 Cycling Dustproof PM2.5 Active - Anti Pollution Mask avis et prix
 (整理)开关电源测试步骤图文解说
========================================================================
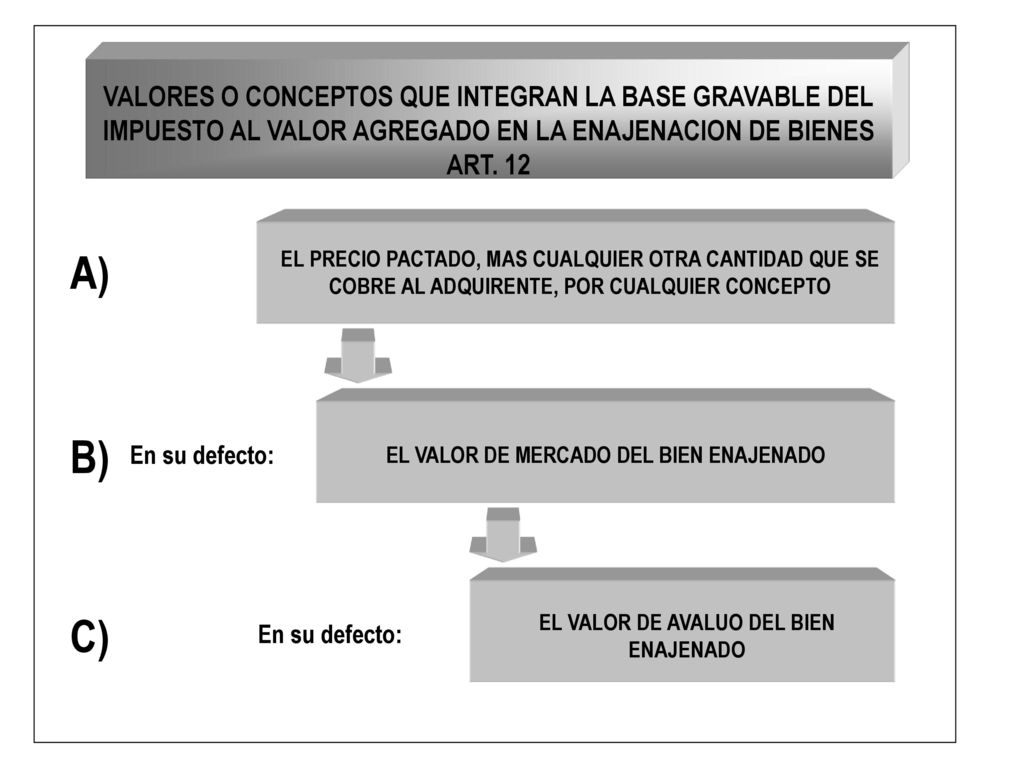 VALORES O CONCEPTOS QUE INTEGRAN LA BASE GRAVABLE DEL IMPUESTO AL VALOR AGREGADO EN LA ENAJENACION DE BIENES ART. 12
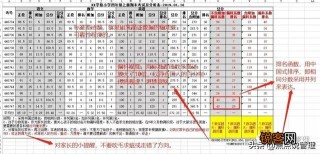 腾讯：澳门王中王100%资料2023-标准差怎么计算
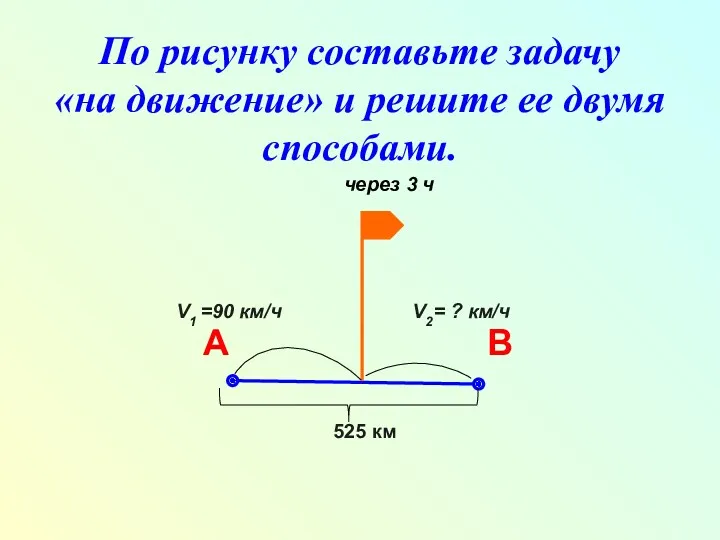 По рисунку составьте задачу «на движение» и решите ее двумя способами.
========================================================================
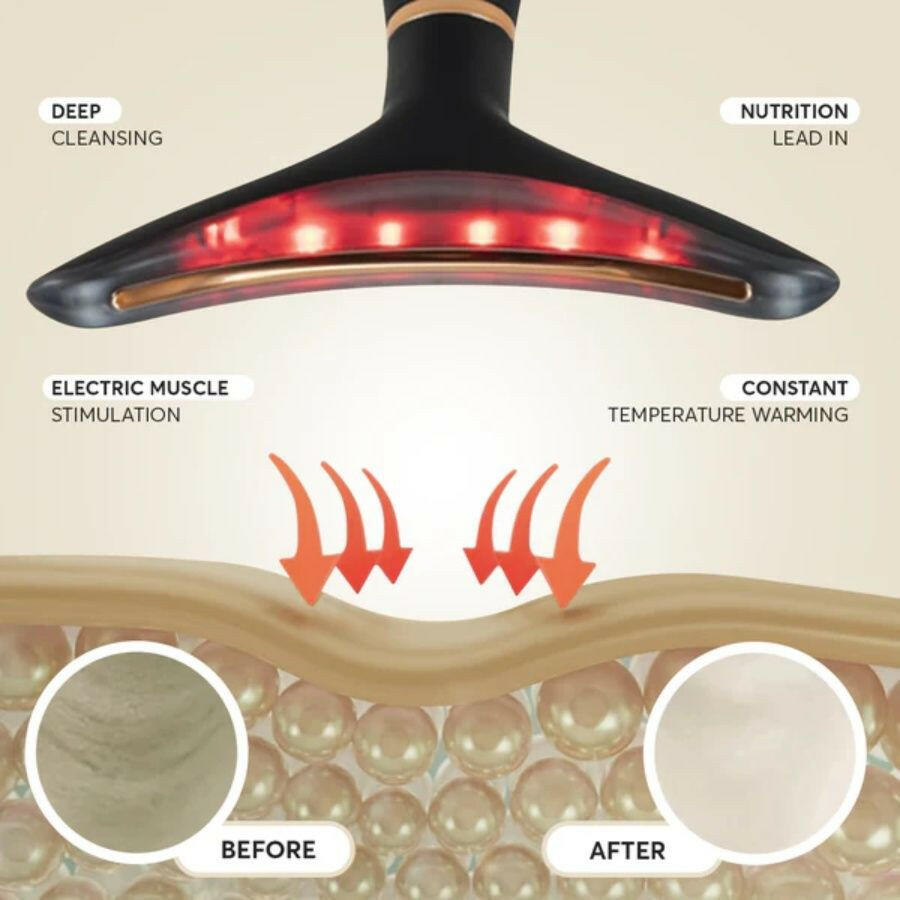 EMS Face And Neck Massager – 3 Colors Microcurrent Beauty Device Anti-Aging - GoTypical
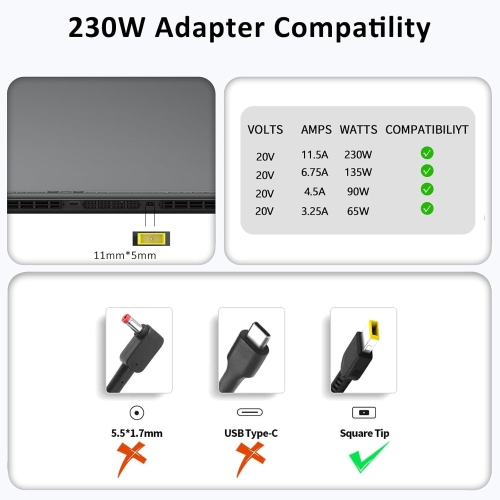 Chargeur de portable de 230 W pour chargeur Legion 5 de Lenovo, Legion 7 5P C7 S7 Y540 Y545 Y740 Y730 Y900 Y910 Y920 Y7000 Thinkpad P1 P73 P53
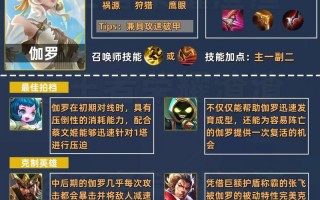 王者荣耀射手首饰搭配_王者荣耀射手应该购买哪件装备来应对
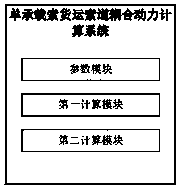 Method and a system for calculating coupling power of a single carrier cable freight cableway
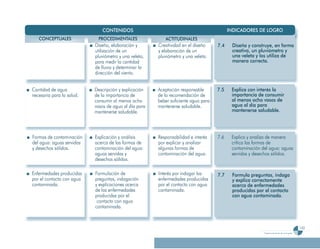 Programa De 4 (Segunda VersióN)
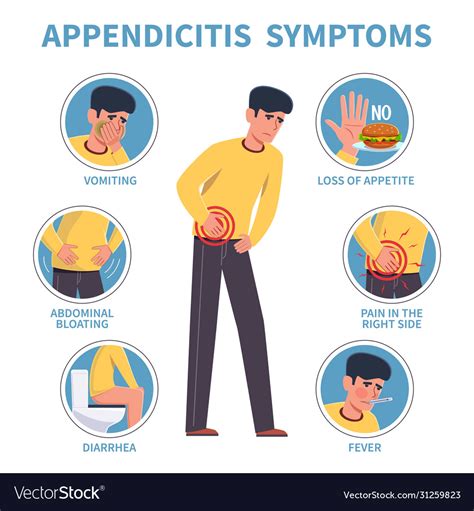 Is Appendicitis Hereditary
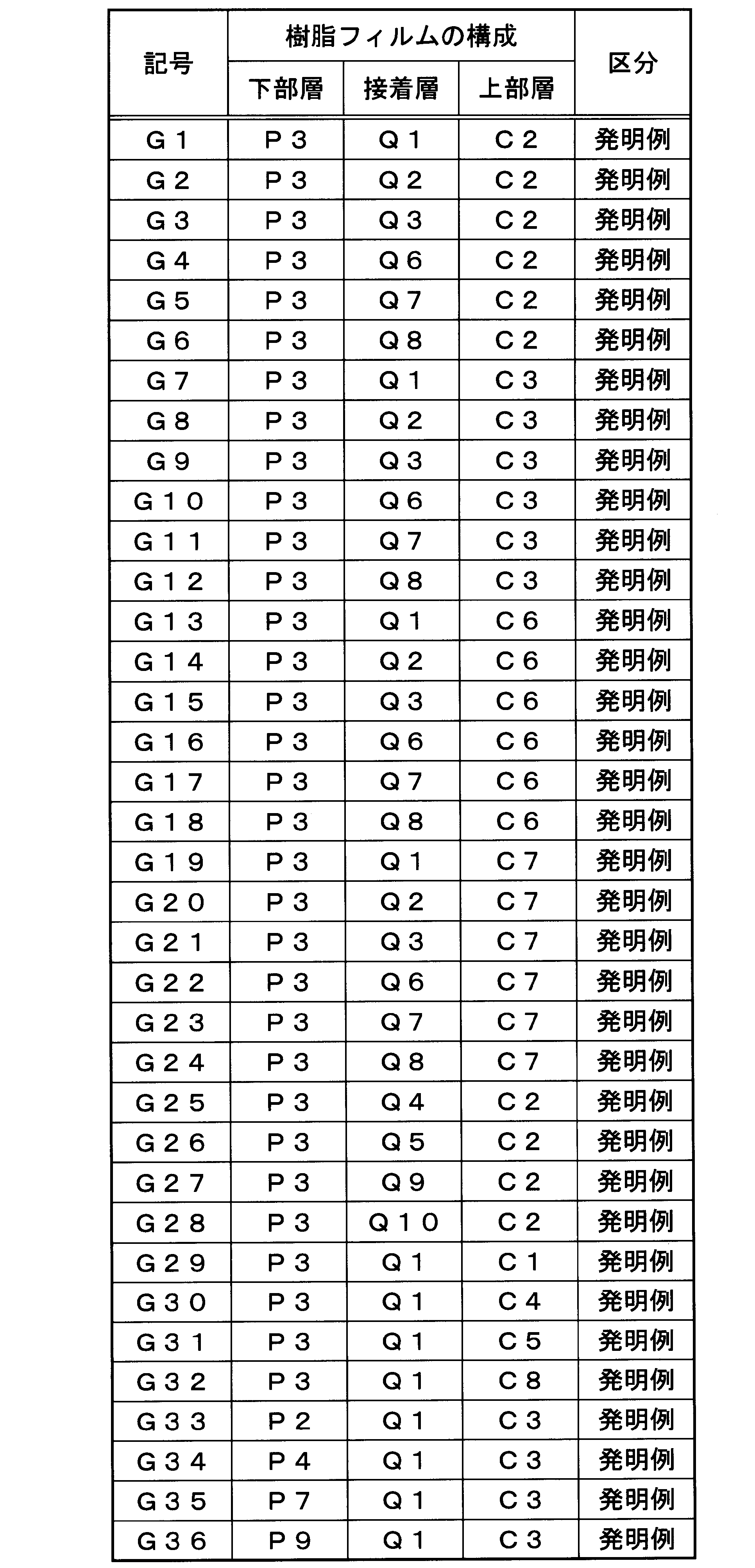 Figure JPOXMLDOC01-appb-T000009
========================================================================
**What is required**
Of the lines above, copy only those from the one holding "Chargeur de portable" to the one holding "Figure JPOXMLDOC01-appb-T000009", both included, and exclude every image.

**Result of this exercise**
 Chargeur de portable de 230 W pour chargeur Legion 5 de Lenovo, Legion 7 5P C7 S7 Y540 Y545 Y740 Y730 Y900 Y910 Y920 Y7000 Thinkpad P1 P73 P53
 王者荣耀射手首饰搭配_王者荣耀射手应该购买哪件装备来应对
 Method and a system for calculating coupling power of a single carrier cable freight cableway
 Programa De 4 (Segunda VersióN)
 Is Appendicitis Hereditary
 Figure JPOXMLDOC01-appb-T000009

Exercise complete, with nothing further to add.